__Captioned web image data__
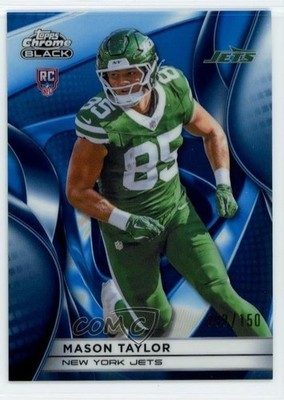2025 Topps Chrome Black Rookies Blue Refractor /150 Mason Taylor Rookie RC 1ku6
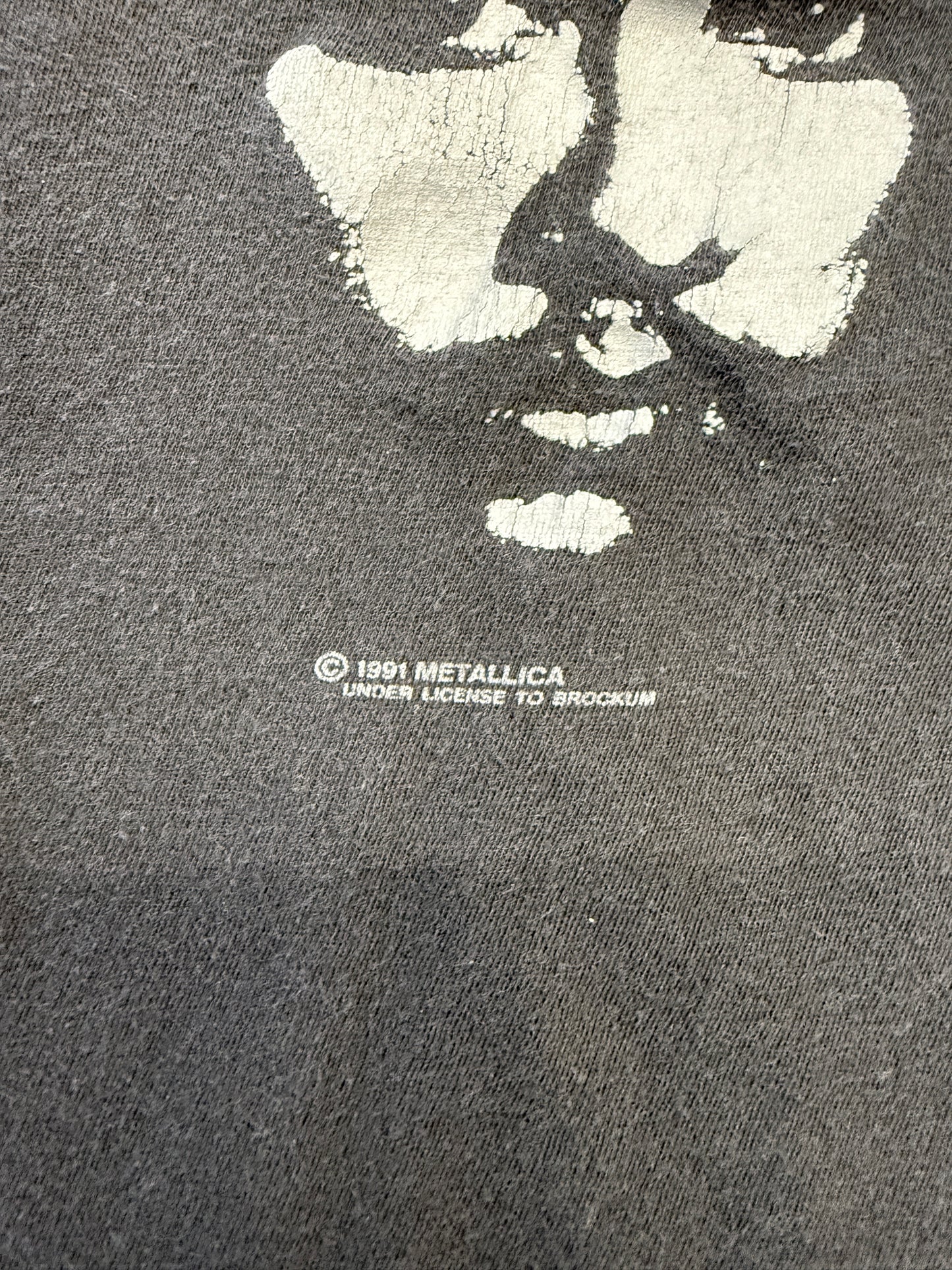 1991 METALLICA 4 FACES HISTORIC DATES TOUR TEE (CUT TAG)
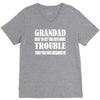 grandad get you in more trouble V-Neck Tee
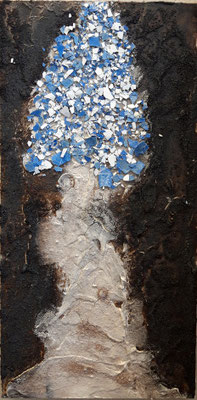 Mosaik nach Palau Güell, 340*20*3,5 Holz, 2019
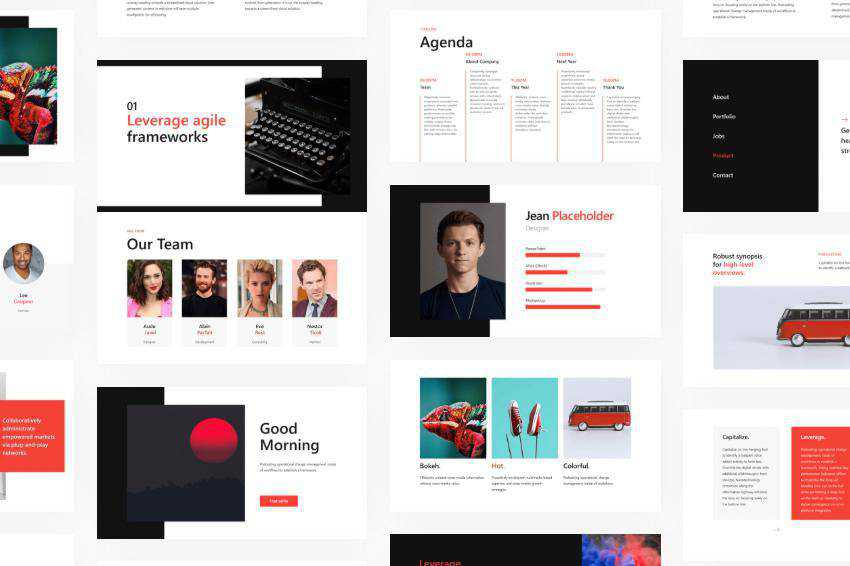 Free Glide PowerPoint Template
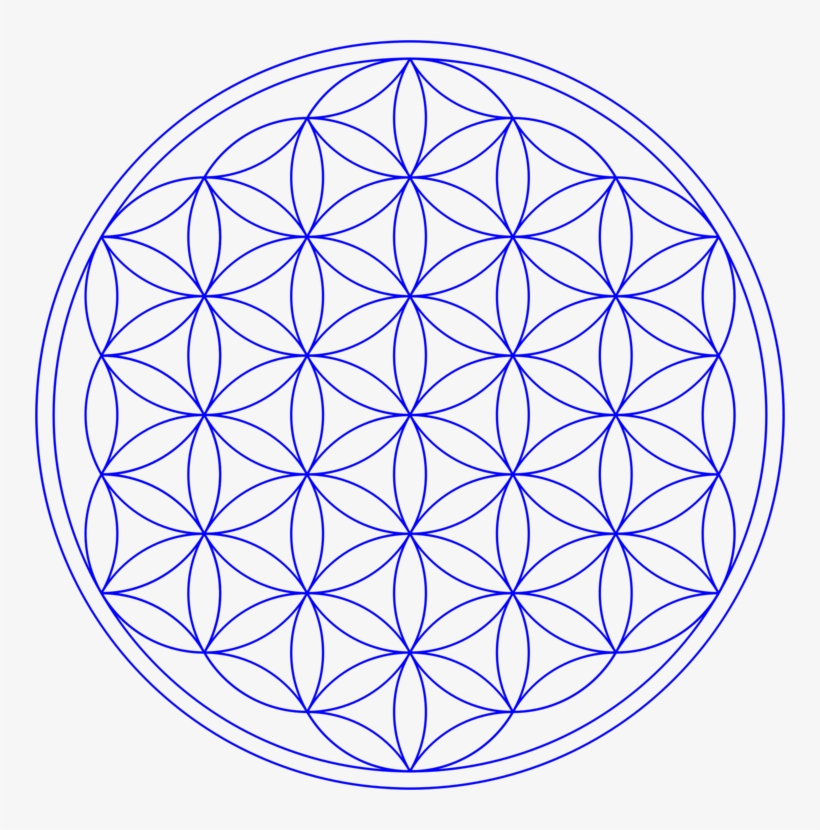 Overlapping Circles Grid Sacred Geometry Metatron's - Flower Of Life Cad, transparent png download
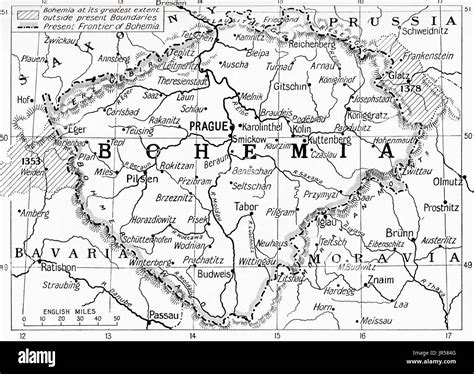 Bohemia map hi-res stock photography and images - Alamy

__Description of the task__
The data above must be copied exactly. Leave out the pictures.

__Exercise result__
2025 Topps Chrome Black Rookies Blue Refractor /150 Mason Taylor Rookie RC 1ku6
 1991 METALLICA 4 FACES HISTORIC DATES TOUR TEE (CUT TAG)
 grandad get you in more trouble V-Neck Tee
 Mosaik nach Palau Güell, 340*20*3,5 Holz, 2019
 Free Glide PowerPoint Template
 Overlapping Circles Grid Sacred Geometry Metatron's - Flower Of Life Cad, transparent png download
 Bohemia map hi-res stock photography and images - Alamy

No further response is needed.